To make this distinction, we define the following datatype:
(define expval?
(lambda (x) (or (number? x) (procval? x))))
;; Assume a vector-based implementation
;; of environments
(define-datatype env env?
(empty-env)
(extended-env (vars (vector-of? symbol?))
(vals (vector-of? expval?))
(next-env env?)))
(define apply-env
(lambda (env sym)
(deref (apply-env-ref env sym))))
(define apply-env-ref
(lambda (env sym)
(cases env env
(empty-env () (error "No binding"))
(extended-env (vars vals next-env)
(let ((pos (find-position sym vars)))
(if (number? pos)
(a-ref pos vals)
(apply-env-ref next-env sym)))))))
;; A reference to a position in the vals vector
;; of an environment
(define-datatype reference reference?
(a-ref (position integer?)
(vec vector?)))
;; Manipulation of primitive references
(define primitive-deref
(lambda (ref)
(cases reference ref
(a-ref (pos vec) (vector-ref vec pos)))))
(define primitive-setref!
(lambda (ref val)
(cases reference ref
(a-ref (pos vec) (vector-set! vec pos val)))))
;; Define targets for call-by-reference
(define-datatype target target?
(direct-target (expval expval?))
(indirect-target (ref ref-to-direct-target?)))
(define ref-to-direct-target?
(lambda (x)
(and (reference? x)
(cases reference x
(a-ref (pos vec)
(cases target (vector-ref vec pos)
(direct-target (v) #t)
(indirect-target (v) #f)))))))
;; Deref taking into account indirect targets
(define deref
(lambda (ref)
(cases target (primitive-deref ref)
(direct-target (expval) expval)
(indirect-target (ref1)
(cases target (primitive-deref ref1)
(direct-target (expval) expval)
(indirect-target (p) (error "Illegal reference")))))))
(define setref!
(lambda (ref expval)
(let ((ref (cases target (primitive-deref ref)
(direct-target (expval1) ref)
(indirect-target (ref1) ref1))))
(primitive-setref! ref (direct-target expval)))))
The changes occur each new references are created.
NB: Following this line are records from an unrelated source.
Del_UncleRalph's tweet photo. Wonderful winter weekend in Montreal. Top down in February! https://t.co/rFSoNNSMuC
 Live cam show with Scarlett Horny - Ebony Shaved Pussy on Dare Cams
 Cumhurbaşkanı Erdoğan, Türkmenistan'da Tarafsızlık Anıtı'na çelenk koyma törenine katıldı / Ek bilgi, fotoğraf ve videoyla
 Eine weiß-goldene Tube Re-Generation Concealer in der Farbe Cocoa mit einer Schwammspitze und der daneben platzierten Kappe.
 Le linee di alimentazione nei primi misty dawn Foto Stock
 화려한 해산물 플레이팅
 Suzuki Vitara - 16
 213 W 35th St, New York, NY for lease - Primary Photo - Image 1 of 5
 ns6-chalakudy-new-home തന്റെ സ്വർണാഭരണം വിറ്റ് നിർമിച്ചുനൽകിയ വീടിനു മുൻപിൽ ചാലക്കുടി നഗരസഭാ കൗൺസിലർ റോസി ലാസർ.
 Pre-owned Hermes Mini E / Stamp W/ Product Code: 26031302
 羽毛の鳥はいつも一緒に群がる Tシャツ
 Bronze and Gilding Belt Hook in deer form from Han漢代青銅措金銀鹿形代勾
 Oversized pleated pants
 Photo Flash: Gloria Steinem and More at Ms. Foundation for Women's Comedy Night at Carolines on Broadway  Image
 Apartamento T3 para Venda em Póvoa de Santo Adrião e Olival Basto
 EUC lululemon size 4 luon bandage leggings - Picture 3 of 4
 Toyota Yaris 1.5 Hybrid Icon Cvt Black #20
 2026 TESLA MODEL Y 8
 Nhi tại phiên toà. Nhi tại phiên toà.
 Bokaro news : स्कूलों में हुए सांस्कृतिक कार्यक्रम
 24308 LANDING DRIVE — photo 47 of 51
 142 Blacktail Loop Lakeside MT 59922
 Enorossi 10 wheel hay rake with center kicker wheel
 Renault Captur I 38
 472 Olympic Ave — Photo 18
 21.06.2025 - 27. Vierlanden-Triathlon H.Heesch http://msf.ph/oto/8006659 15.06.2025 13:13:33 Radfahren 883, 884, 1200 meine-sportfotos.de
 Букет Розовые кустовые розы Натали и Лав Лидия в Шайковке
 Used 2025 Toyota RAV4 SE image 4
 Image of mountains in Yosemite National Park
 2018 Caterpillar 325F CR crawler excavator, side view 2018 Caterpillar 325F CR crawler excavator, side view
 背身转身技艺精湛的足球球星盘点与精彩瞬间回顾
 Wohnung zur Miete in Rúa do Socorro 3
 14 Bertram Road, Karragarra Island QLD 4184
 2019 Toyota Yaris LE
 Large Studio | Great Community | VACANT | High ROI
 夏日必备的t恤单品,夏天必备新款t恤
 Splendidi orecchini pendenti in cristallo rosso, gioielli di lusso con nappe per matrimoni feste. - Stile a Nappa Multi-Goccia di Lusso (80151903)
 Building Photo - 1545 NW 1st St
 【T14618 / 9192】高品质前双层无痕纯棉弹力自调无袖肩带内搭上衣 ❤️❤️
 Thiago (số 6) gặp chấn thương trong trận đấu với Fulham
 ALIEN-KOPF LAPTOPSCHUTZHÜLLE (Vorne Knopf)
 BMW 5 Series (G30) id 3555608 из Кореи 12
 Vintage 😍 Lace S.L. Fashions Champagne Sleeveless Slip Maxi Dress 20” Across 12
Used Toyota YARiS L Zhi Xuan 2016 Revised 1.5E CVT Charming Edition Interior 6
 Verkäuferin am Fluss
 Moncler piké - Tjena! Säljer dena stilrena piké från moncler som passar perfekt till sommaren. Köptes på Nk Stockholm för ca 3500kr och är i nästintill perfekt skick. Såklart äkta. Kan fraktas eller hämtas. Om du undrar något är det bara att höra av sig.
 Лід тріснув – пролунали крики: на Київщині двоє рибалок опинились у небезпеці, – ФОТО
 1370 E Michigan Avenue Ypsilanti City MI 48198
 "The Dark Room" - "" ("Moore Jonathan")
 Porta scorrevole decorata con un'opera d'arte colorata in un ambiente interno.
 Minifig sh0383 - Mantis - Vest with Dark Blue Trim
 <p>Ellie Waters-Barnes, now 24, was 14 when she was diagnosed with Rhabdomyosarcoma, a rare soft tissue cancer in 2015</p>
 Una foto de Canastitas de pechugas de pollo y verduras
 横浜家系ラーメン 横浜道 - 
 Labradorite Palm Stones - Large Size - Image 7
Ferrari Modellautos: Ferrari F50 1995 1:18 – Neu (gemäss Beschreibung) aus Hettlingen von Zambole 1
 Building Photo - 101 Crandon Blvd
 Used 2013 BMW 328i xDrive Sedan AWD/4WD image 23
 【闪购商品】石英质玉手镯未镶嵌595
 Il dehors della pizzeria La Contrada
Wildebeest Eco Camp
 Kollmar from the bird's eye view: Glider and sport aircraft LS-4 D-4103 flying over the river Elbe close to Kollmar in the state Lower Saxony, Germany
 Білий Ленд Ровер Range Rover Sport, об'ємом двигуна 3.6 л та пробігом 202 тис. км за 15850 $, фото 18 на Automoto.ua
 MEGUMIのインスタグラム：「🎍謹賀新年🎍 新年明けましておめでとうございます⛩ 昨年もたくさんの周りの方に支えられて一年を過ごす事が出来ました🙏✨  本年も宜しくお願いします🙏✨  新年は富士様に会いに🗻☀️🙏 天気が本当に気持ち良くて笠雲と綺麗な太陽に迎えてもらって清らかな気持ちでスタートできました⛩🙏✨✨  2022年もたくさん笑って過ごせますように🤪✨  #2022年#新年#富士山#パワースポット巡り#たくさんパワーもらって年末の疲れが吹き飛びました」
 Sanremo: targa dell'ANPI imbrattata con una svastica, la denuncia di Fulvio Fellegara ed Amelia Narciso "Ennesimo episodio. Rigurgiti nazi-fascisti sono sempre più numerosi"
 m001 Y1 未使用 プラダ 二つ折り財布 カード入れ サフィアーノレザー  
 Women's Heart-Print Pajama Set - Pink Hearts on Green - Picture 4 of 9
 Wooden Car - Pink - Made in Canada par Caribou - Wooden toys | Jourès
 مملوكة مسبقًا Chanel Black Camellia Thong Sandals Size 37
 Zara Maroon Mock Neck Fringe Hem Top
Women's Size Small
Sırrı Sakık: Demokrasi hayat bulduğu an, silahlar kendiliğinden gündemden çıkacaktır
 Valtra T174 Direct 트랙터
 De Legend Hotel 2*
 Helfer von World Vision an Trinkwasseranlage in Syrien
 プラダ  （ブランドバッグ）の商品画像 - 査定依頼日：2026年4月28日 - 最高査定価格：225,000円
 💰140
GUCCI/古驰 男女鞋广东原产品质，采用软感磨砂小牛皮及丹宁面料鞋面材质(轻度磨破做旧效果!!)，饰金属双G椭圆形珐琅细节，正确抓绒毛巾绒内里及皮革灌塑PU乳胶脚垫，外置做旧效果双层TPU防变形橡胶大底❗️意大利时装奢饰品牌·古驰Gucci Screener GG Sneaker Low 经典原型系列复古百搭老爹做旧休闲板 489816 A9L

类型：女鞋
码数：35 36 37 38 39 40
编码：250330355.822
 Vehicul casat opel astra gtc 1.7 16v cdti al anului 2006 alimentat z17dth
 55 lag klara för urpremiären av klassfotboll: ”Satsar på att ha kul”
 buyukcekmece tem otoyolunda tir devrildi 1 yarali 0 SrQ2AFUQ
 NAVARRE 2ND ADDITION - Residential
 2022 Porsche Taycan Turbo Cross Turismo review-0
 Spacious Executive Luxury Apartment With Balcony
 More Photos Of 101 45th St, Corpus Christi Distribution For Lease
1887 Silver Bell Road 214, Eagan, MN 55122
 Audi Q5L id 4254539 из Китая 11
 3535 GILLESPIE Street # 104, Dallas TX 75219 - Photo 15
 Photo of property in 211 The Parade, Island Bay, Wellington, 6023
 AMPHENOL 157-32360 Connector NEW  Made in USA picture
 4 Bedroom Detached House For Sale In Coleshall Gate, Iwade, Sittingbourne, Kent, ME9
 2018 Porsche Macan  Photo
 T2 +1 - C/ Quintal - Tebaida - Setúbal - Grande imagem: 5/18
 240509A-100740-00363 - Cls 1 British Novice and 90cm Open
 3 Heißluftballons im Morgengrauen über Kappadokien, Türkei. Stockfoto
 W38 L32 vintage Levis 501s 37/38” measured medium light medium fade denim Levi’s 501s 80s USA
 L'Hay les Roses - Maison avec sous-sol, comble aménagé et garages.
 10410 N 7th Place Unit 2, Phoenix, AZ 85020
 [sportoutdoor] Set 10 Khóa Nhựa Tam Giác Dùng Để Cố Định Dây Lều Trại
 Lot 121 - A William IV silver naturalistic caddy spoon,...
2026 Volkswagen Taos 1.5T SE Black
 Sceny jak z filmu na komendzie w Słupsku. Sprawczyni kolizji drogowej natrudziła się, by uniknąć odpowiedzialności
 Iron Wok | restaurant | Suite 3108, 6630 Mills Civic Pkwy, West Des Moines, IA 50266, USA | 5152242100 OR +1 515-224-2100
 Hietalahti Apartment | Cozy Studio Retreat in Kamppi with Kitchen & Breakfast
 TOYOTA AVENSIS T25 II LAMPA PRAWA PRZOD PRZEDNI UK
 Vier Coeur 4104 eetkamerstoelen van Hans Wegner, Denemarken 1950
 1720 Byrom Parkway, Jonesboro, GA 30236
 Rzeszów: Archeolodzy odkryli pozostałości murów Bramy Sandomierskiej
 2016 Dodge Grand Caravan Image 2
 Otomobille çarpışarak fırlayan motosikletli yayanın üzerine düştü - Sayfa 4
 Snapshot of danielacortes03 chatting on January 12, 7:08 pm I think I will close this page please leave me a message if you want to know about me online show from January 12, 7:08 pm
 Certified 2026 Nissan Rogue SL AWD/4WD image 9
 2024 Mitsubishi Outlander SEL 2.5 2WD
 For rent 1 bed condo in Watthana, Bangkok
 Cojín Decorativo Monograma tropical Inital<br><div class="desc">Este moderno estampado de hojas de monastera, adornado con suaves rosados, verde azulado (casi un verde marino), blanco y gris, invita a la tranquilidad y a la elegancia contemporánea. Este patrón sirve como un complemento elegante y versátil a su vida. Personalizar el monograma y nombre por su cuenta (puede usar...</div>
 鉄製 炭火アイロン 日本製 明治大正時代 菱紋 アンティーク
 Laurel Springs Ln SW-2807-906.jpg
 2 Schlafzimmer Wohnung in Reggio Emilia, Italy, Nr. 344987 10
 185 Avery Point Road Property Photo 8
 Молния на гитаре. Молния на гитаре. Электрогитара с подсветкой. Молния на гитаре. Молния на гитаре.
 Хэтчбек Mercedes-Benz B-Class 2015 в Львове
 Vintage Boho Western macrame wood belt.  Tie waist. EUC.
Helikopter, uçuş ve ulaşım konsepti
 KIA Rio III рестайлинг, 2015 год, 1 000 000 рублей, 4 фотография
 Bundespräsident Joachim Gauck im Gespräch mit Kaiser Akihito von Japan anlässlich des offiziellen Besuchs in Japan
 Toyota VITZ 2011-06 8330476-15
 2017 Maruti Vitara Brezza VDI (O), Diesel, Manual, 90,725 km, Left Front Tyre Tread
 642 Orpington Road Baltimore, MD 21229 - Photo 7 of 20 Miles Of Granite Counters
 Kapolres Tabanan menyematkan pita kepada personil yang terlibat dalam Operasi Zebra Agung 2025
Under call-by-value, a new
reference is created for every evaluation of an operand; under
call-by-reference, a new reference is created for every evaluation of an
operand other than a variable.
We therefore inspect all places in the interpreter where a reference is
created:
;; Primitive application: no modification.
;; Let binding: we keep the call-by-value behavior:
(let-exp (vars rands body)
(let ((args (eval-let-rands rands env)))
(eval-exp body (extend-env vars args env))))
;; Procedure application: we compute new bindings using eval-rand
;; Special treatment for var-ref parameters - do not create reference chains.
(define eval-rand
(lambda (rand env)
(cases expr rand
(var-exp (var)
(indirect-target
(let ((ref (apply-env-ref env var)))
(cases target (primitive-deref ref)
(direct-target (expval) ref)
(indirect-target (ref1) ref1)))))
(else
(direct-target (eval-expr rand env))))))
Last modified Mar 23, 2003
Michael Elhadad